Growing up I played a lot of Magic: the Gathering drafts. You’d sit down at a table with seven other people, each open a pack of 15 cards, take one, and pass the rest left. Do that three times (passing right for the second round) and you’d have a deck you could play against the rest of the table. I loved the way that I saw my deck coming together over the course of 45 card picks, trying to predict which strategies my opponents were going for so that I could position my own strategy to take advantage of cards they didn’t want. Sometimes actually playing the matches felt like a chore; I’d already gotten to build my deck, what was the point of shuffling it and having to play games of Magic?
Enter Slay the Spire.
Spire revolutionized the deck-building genre by challenging you to win with your deck while you were still in the process of building it. At the start of the run, while your deck was still low on good cards and synergies, you fought against appropriately straight-forward enemies. As you progressed and managed to make your deck stronger and more focused, the enemies scaled along with you to provide fresh challenges and keep challenging your problem-solving abilities.
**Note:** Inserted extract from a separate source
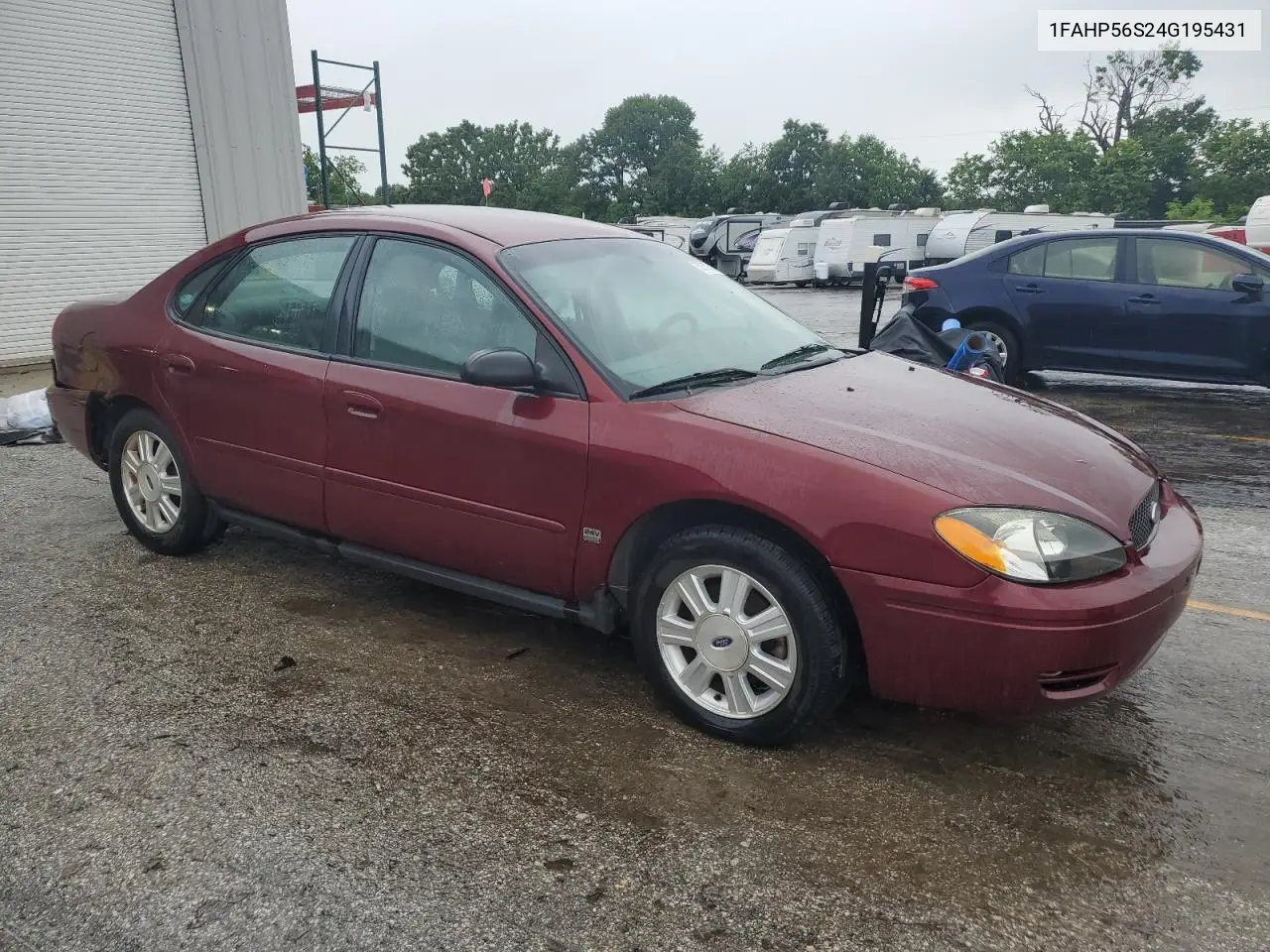 2004 Ford Taurus Sel VIN: 1FAHP56S24G195431 Lot: 58732935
This format challenges all pre-existing deckbuilding heuristics. The “best” cards might actually be quite bad to take at the start of the game, because you might be about to fight against four low-health Gremlins who will attack you for 20 damage per turn. Not much use in having an awesome longterm scaling card, or a card which beautifully synergizes with the character’s best strategy, if you’ll be dead before you get to draft any cards which work with it.
One of the heuristics I leaned on from previous games to get through this new challenge was the idea of cards having “jobs”. This was something I’d used a lot for building Constructed decks in Magic. Wrath of God was for clearing masses of creatures. Counterspell was for protecting my best card, or countering theirs. These kinds of ideas about what the role of different cards was both informed how to build the best deck to beat the other decks in the format, as well as how to pilot that deck when you were in runs.
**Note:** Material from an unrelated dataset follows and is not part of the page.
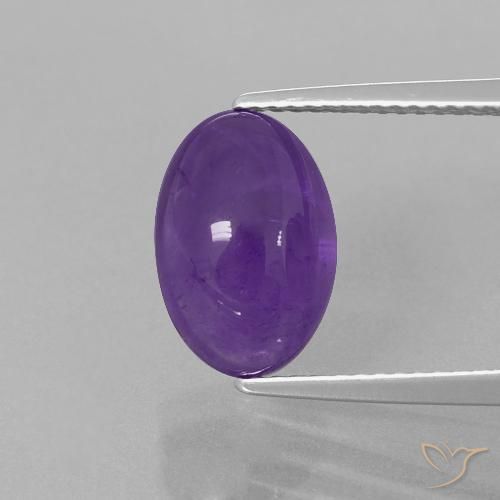 4.10ct Natural Violeta claro medio Amatista, Ovalada, Transparente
So, I stopped looking at Slay the Spire cards and thinking exclusively about how they’d fit into my deck longterm, and started looking at them and how they’d line up with the enemies I was about to fight. Demon Form might beat Time Eater on Floor 50, but if I was on Floor 8 it might be a lot better to take Cleave over it so I could beat Gremlin Gang, since that was the fight I was actually being challenged to solve right now. I’d think about this in the following way:
“Cleave’s job is to beat [the enemies Cleave is good against], I don’t need to take Demon Form right now because I can find something else to do the job of beating [the enemies Demon Form is good against] later”.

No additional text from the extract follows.